▶ [Task requirements] Your output should be the lines below from the one with "0.14 Acres of" through the one with "The Gulfstream Place 3", copied exactly, pictures excluded.

▶ [The records]
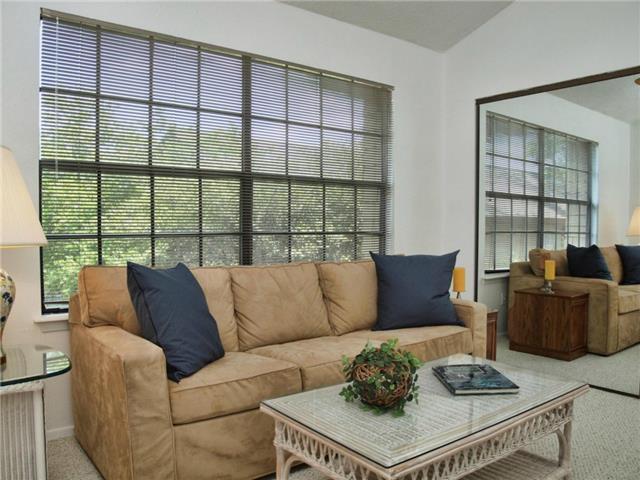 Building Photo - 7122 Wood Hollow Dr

==

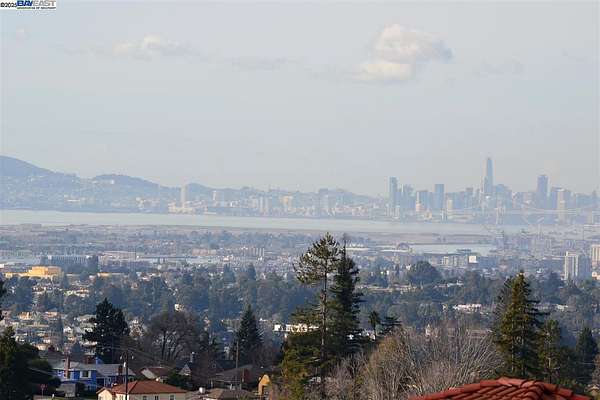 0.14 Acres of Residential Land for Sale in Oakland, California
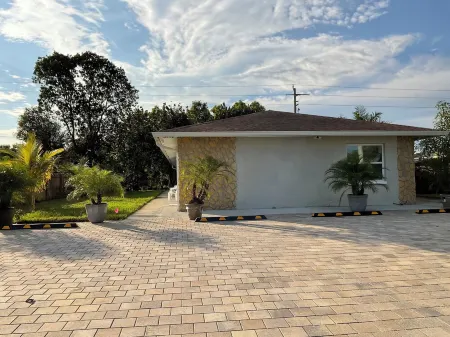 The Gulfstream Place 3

==

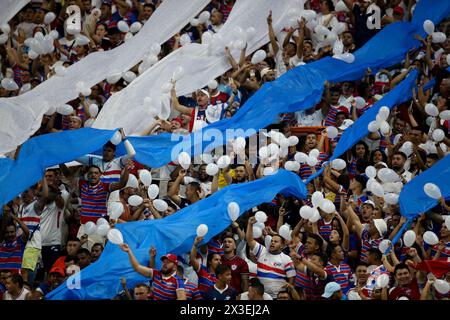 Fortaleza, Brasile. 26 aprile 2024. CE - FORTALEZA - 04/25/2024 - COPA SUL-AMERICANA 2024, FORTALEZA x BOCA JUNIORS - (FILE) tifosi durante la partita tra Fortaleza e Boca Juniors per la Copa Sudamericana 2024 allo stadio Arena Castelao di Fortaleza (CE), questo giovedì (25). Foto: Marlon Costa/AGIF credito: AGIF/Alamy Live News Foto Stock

▶ [Written reply]
 0.14 Acres of Residential Land for Sale in Oakland, California
 The Gulfstream Place 3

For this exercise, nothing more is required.